The fighting that broke out on April 15 between the army of General Abdel Fattah al-Burhane and the paramilitary Rapid Support Forces (RSF), commanded by General Mohamed Hamdane Daglo, has left nearly a thousand people dead and about a million displaced and refugees.

On Sunday night, General Daglo posted an audio recording online in which he promised his opponent that he would be "tried quickly and hanged in public".

The army chief had ordered on Sunday evening the freezing of the accounts and assets of the RSF, known for their financial power.

In Khartoum, a city of five million people who are almost without water and electricity, and in Darfur, in the west, people are living in their homes, afraid to go out to buy food for fear of stray bullets.

The doctors' union on Monday put the death toll at 280 and the number of wounded at more than 160 on May 12 and 13 alone in clashes in El-Geneina, Darfur.
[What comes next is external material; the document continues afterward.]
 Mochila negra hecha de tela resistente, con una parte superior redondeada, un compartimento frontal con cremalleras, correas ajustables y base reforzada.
In the large suburb east of Khartoum, witnesses reported air strikes, the sound of explosions and clouds of smoke.

- Tension rising -

In Jeddah, Saudi Arabia, the warring parties are negotiating a "humanitarian" truce to let civilians out and aid in. But they agreed only on the principle of respecting the rules of war, deferring the question of a cessation of hostilities to further "broader discussions.

"Nothing has changed since the beginning of the conflict, except that people are more and more tense every day", confided to AFP a resident of southern Khartoum.
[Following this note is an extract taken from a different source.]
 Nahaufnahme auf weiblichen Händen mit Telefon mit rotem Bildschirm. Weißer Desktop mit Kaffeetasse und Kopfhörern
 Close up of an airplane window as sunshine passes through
"The violence on both sides is increasing day by day," said a resident of the north of the capital.

For the researcher Aly Verjee, "if the two sides do not change their way of thinking, it will be difficult to imagine a translation on the ground of the commitments on paper".

In this country of 45 million people, a third of the population that depended on international food aid is practically deprived of it: it has been looted or interrupted following the death of 18 humanitarian workers.
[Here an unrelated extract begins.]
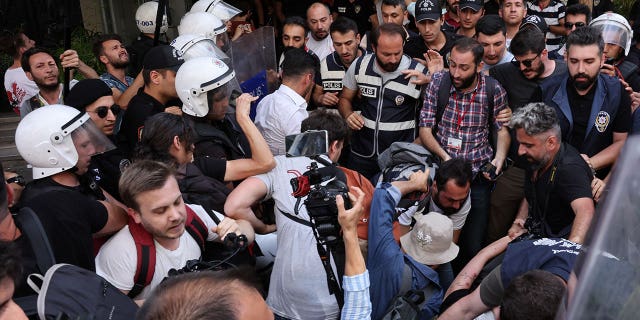 Polizeibeamte hindern Journalisten daran, inhaftierte Aktivisten zu filmen und zu fotografieren, als sie versuchen, auf eine von den örtlichen Behörden verbotene Pride-Kundgebung im Zentrum von Istanbul, Türkei, zu marschieren, 26. Juni 2022 (Reuters/Umit Bektas)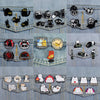 A collection of enamel pins featuring various cats in different expressions and styles.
The World Food Programme (WFP) nevertheless announced on Monday that it was carrying out its "very first food distributions" in the state of Al-Jazira, south-east of the capital, for those newly displaced by the fighting in Khartoum.

The money is lacking because the banks, some of which have been looted, have been closed for a month, or because prices have soared: four times for food or 20 times for gasoline.

According to experts and diplomats, each of the two generals believes he can win militarily, thanks to his large numbers and foreign support. General Daglo is allied with the United Arab Emirates and, according to the U.S. Treasury, with Wagner's Russian mercenaries, while Egypt supports General Burhane.

The two men therefore seem more interested in a long conflict than in making concessions at the negotiating table.

- Administration relocated to Port Sudan -

In Darfur, "we have reports of snipers shooting at anyone who leaves their home," Mohamed Osman of Human Rights Watch (HRW) told AFP. Trapped, "people injured in fighting two weeks ago are dying in their homes.

In this region, the repression of ethnic minorities under the dictatorship of Omar al-Bashir (1989-2019) by the military and paramilitaries, who are now enemies, caused 300,000 deaths in the 2000s.

Doctors Without Borders (MSF) points out that in the camps for displaced persons in Darfur, "people have gone from having three meals a day to just one.

Thousands of refugees enter Egypt, Chad, Ethiopia and South Sudan every day. Egypt, which is going through the worst economic crisis in its history, is worried. The other neighboring countries fear a contagion.

In Khartoum, the airport is no longer functioning, commercial centers have been looted and the administrations are closed "until further notice".

What remains of the administration has retreated to Port Sudan, 850 kilometers east of Khartoum, spared from the violence and where a small UN team is trying to negotiate the delivery of humanitarian aid.

"By destroying food factories and small industries, this war has caused a partial deindustrialization of Sudan," says Verjee. "The future Sudan will be even poorer for a long time.